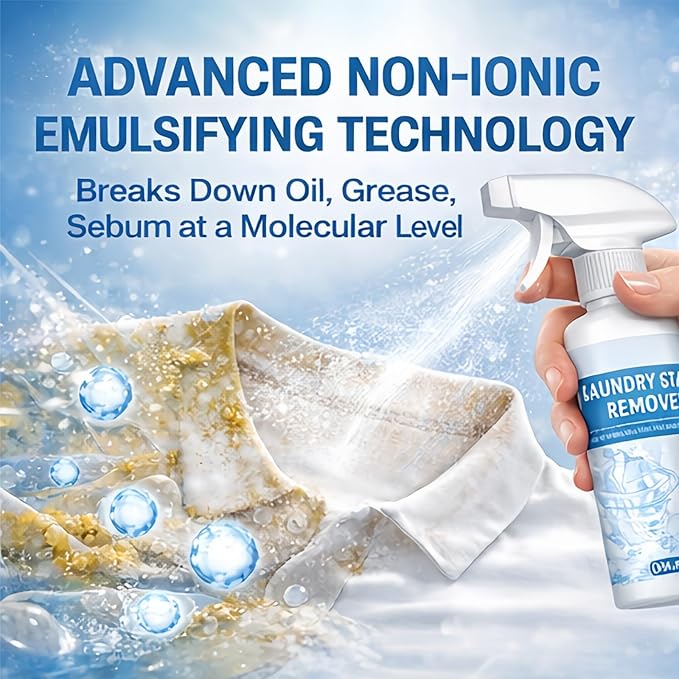 Non-Ionic Clothing Emulsifier Stain Remover Powerful Laundry Pre-Treatment Spray Stain Remover For Clothes Laundry (5pcs)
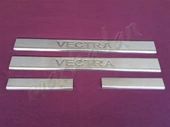 WOC Chrome Opel Vectra C Krom Kapı Eşiği 2002-2009 4 Parça Paslanmaz Çelik - 1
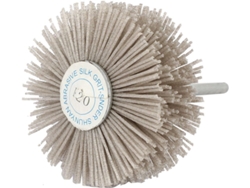 Cepillo De Amolar Con Muela Abrasiva De Grano 120, Vástago De 6 Mm Y Cabezal De 82 De Diámetro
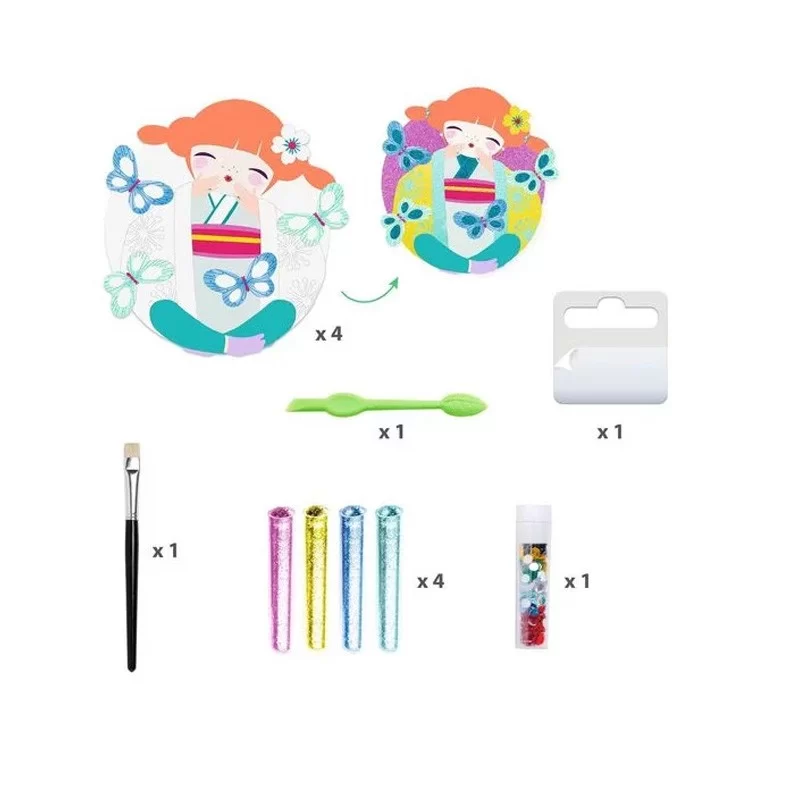 COFFRET PAILLETTES ET STRASS ONNANOKO - DJECO 5 COFFRET PAILLETTES ET STRASS ONNANOKO - DJECO – Image 3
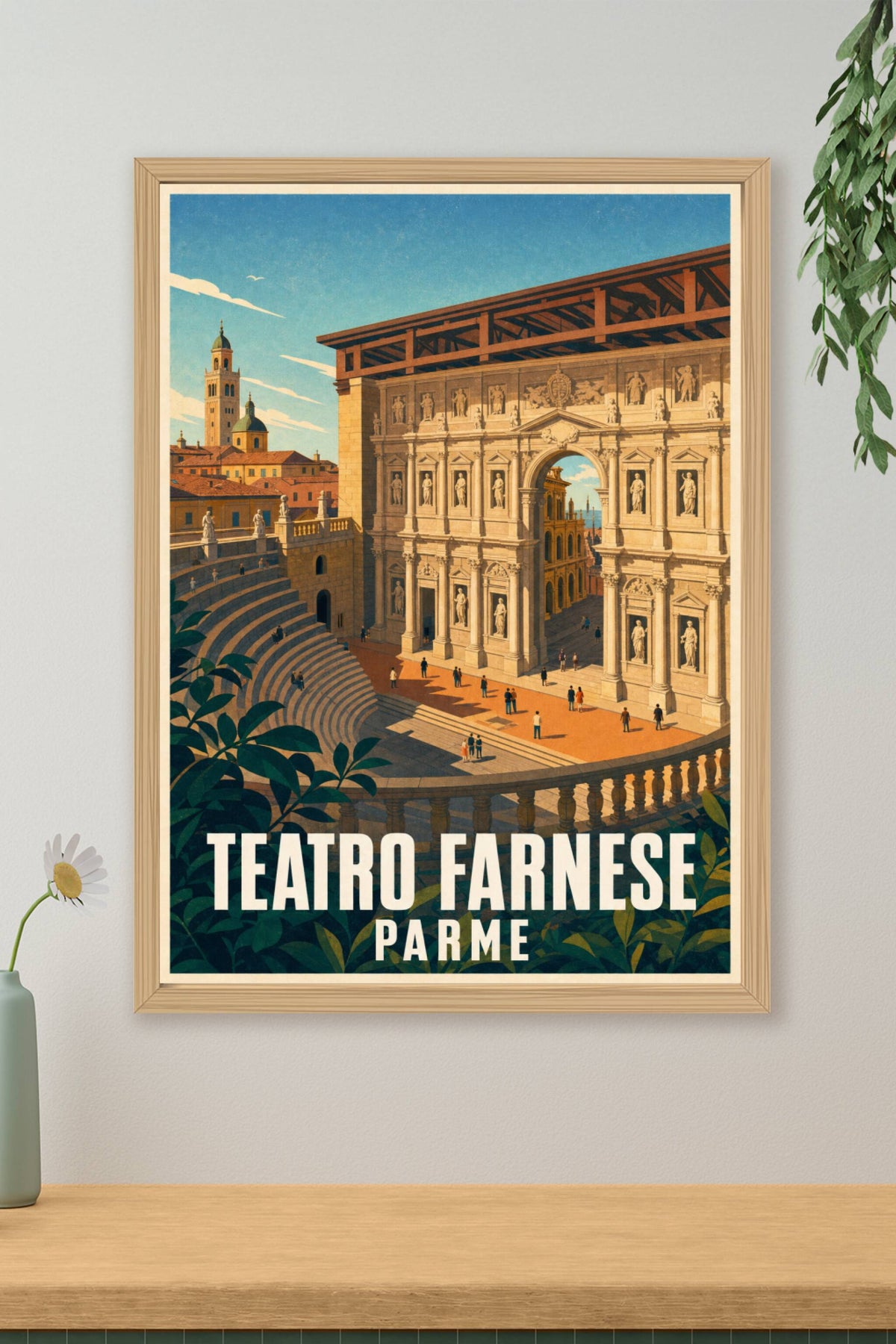 Affiche de Parme, poster Teatro Farnese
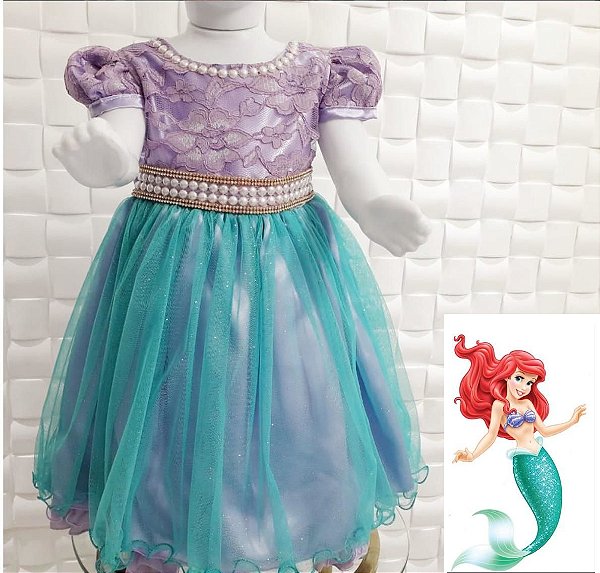 vestidos ariel sereia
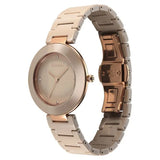 Titan Purple Ceramics Pink Dial Analog Ceramic Strap watch for Women - 95189KC04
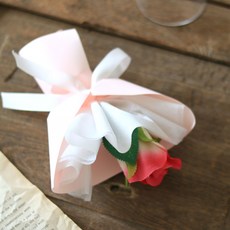 센트바스켓 조화 납골당 플라워 미니꽃다발, 샤만로즈 딥핑크, 1개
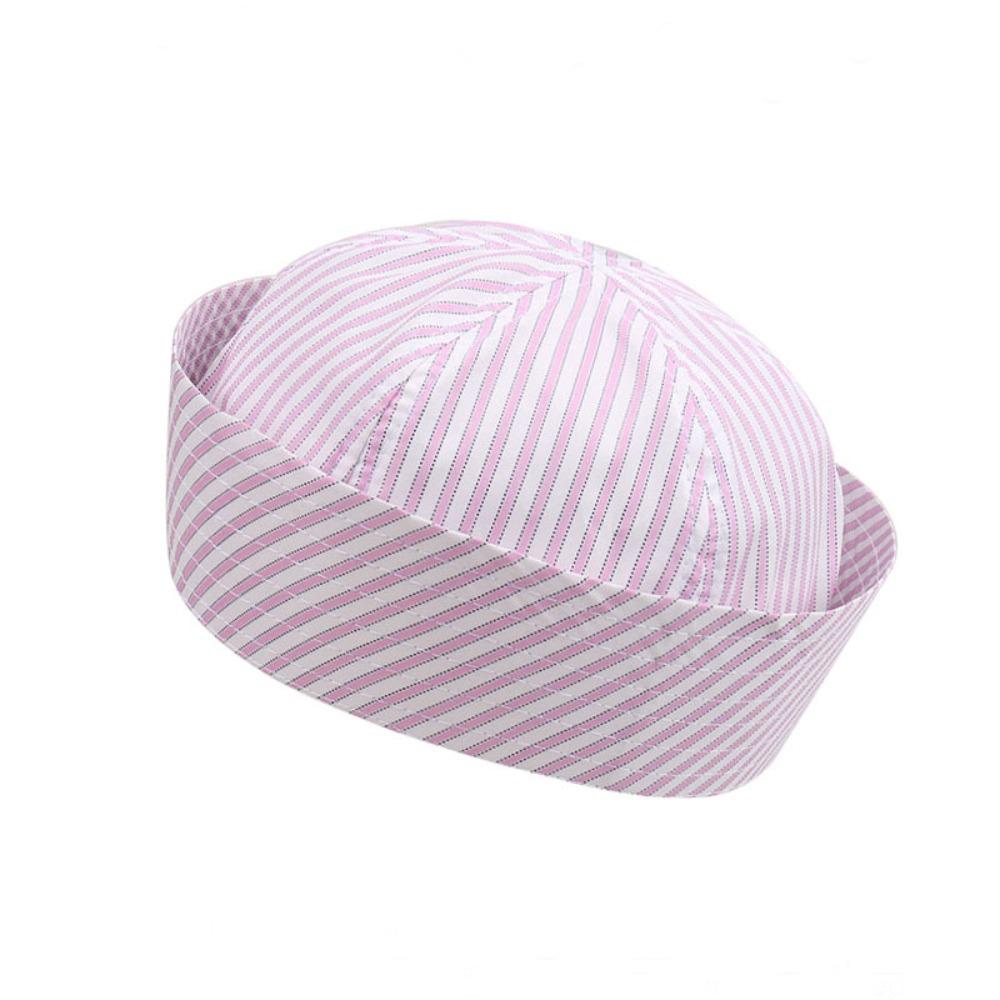 Fashion Stripe Cosplay Sailor Hat Comfortable Breathable Stage Performance Hat Thin Lightweight Beret Unisex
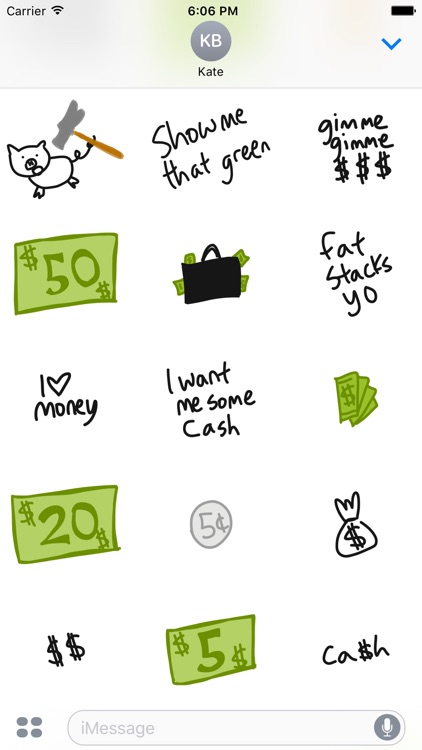 Money stickers for iMessage - photo emoji tycoon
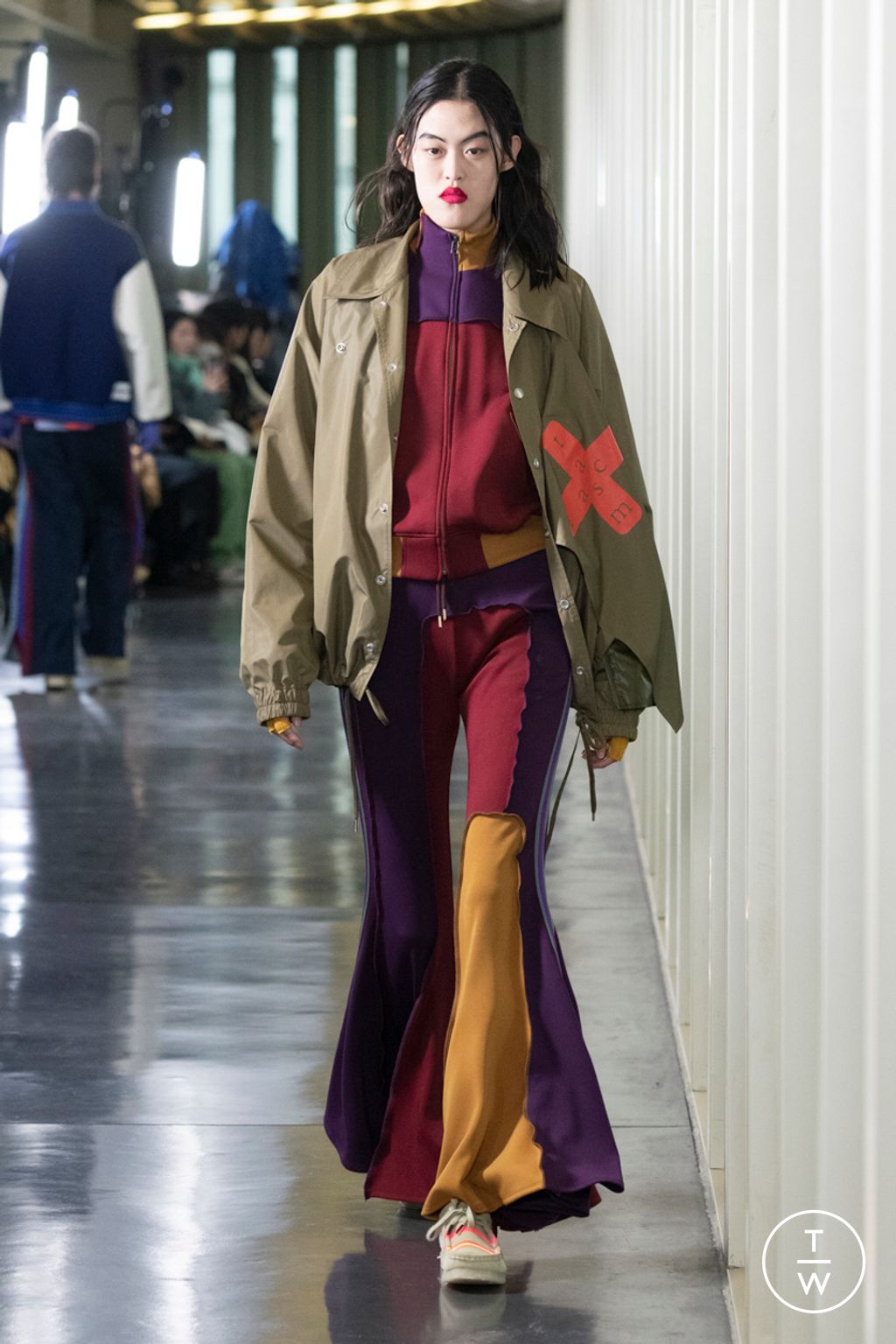 Fashion Week Paris Fall/Winter 2023 look 8 de la collection Facetasm menswear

◆ **TASK DIRECTIONS**: When you reach the line that contains "Money stickers for", start reproducing, and continue word for word to the end of the records; skip all pictures.

◆ **COMPLETED TASK**:
 Money stickers for iMessage - photo emoji tycoon
 Fashion Week Paris Fall/Winter 2023 look 8 de la collection Facetasm menswear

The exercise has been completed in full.